The following test (which you cannot execute via the public API) fails:
@Test
public void parserWithLimitedPatterns(){
List<String> rules = Arrays.asList(
"(?<year>\\d{4})\\W{1}(?<month>\\d{1,2})\\W{1}(?<day>\\d{1,2})[^\\d]?",
"\\W*(?:at )?(?<hour>\\d{1,2}):(?<minute>\\d{1,2})(?::(?<second>\\d{1,2}))?(?:[.,](?<ns>\\d{1,9}))?(?<zero>z)?",
" ?(?<zoneOffset>[-+]\\d{1,2}:?(?:\\d{2})?)"
);
DateParser dateParser = new DateParser(rules, new HashSet<>(rules), Collections.emptyMap(), true, false);
String input = "2022-08-09 19:04:31.600000+00:00";
Date date = dateParser.parseDate(input);
assertEquals(parser.parseDate(input), date);
}
Note how those 3 rules should be sufficient to parse the date.
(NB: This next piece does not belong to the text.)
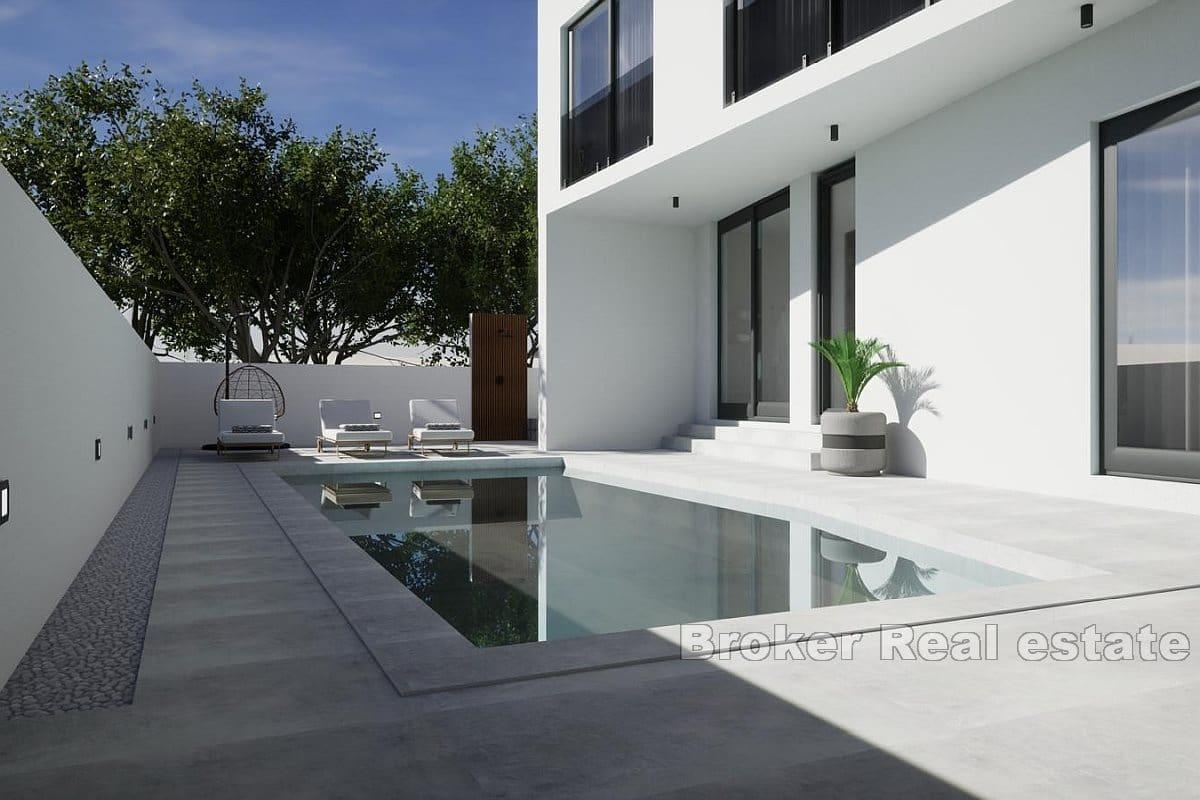 Villa under construction with pool and sea view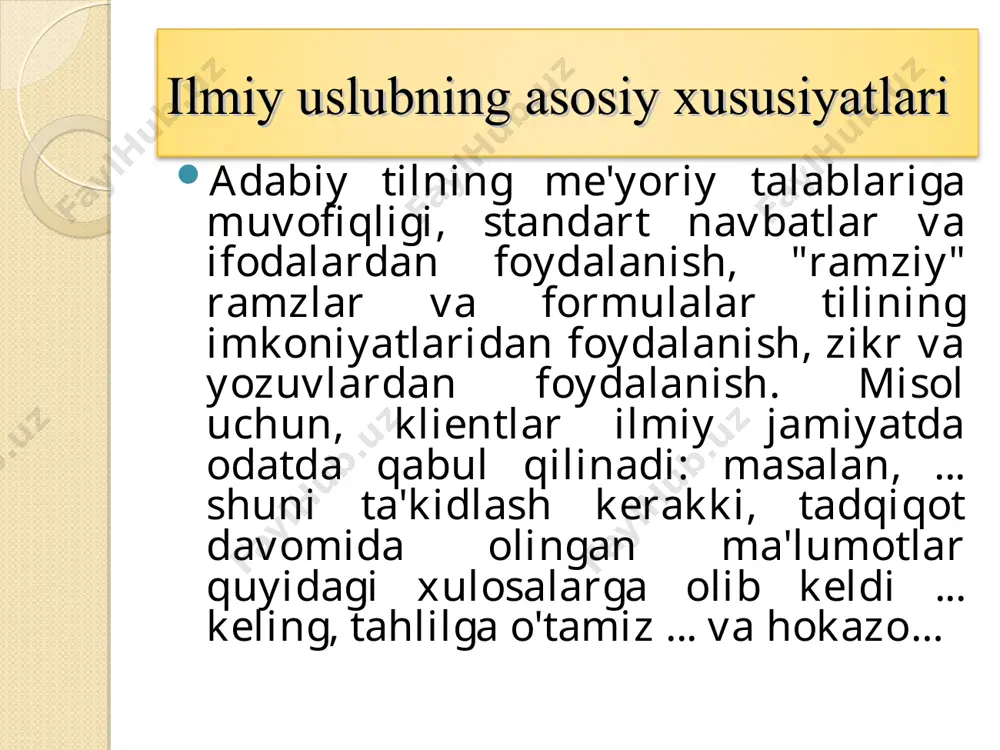 tik tuzilmalari kontseptual tarkibni ifodalaydi, shuning uchun yozuvchi olimning standarti - bu so'zning turiga to'liq jumlalar jumlasiga kiradi, uning qismlari o'rtasida ittifoqchilik aloqasi, uslubiy jihatdan neytrallik va so'zning normativ tartibi bilan neytral bo'ladi: zoopsixologlar uzoq, qat'iy va muvaffaqiyatsiz o'qitishga urinishgan eng rivojlangan antropoid (shimpanziya) ovoz tili. murakkab jumlalar orasida bitta subordinate tuzilmalar ustunlik qiladi: aql va til orasida o'rtasida nutqning funktsional asoslari deb ataladigan oraliq asosiy kommunikativ tizim mavjud. maqola va uning turlari maqola – adabiy yoki ilmiy mazmunda bo‘lib, hajm jihatidan ancha katta bo‘ladi. maqola hayotning muhim va dolzarb masalalariga bag‘ishlanishi yoki ilm-fanning biror sohasini yoritishi mumkin. shunga ko‘ra maqolalar ilmiy, uslubiy, publitsistik kabi turlarga bo‘linadi.maqolalar uch tarkibiy qismdan iborat bo‘ladi: maqola tarkibiy qismlari 1. kirish – bunda tanlangan mavzuning dolzarbligi belgilanadi. 2. asosiy qism – muallif tomonidan rejalangan fikr, muammo yoki yangilik bayon qilinаdi. 3. xulosa – mavzu yuzasidan muallifning xulosalari, tavsiyalari beriladi maqola maqolalar ilmiy yoki publitsistik …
- There is a rule for the year-month-day part
- There is a rule for the hours:minutes:seconds.ns part
- There is a rule for the zone offset part
However, during parsing the zoneoffset rule is never used. Instead, it uses the rule for the hours twice.
The weird thing is that when I add a rule that should not be used (`" ?(?
@Test
public void parserWithLimitedPatterns(){
List<String> rules = Arrays.asList(
"(?<year>\\d{4})\\W{1}(?<month>\\d{1,2})\\W{1}(?<day>\\d{1,2})[^\\d]?",
" ?(?<year>\\\\d{4})$",
"\\W*(?:at )?(?<hour>\\d{1,2}):(?<minute>\\d{1,2})(?::(?<second>\\d{1,2}))?(?:[.,](?<ns>\\d{1,9}))?(?<zero>z)?",
" ?(?<zoneOffset>[-+]\\d{1,2}:?(?:\\d{2})?)"
);
DateParser dateParser = new DateParser(rules, new HashSet<>(rules), Collections.emptyMap(), true, false);
String input = "2022-08-09 19:04:31.600000+00:00";
Date date = dateParser.parseDate(input);
assertEquals(parser.parseDate(input), date);
}
The position where I add that additional rule is important. For example adding it at the end of the list instead of at index 1 makes the test fail again.
I bumped into this issue for PR https://github.com/sisyphsu/dateparser/pull/28 , where I try to reduce the number of rules that are used for parsing to improve the performance.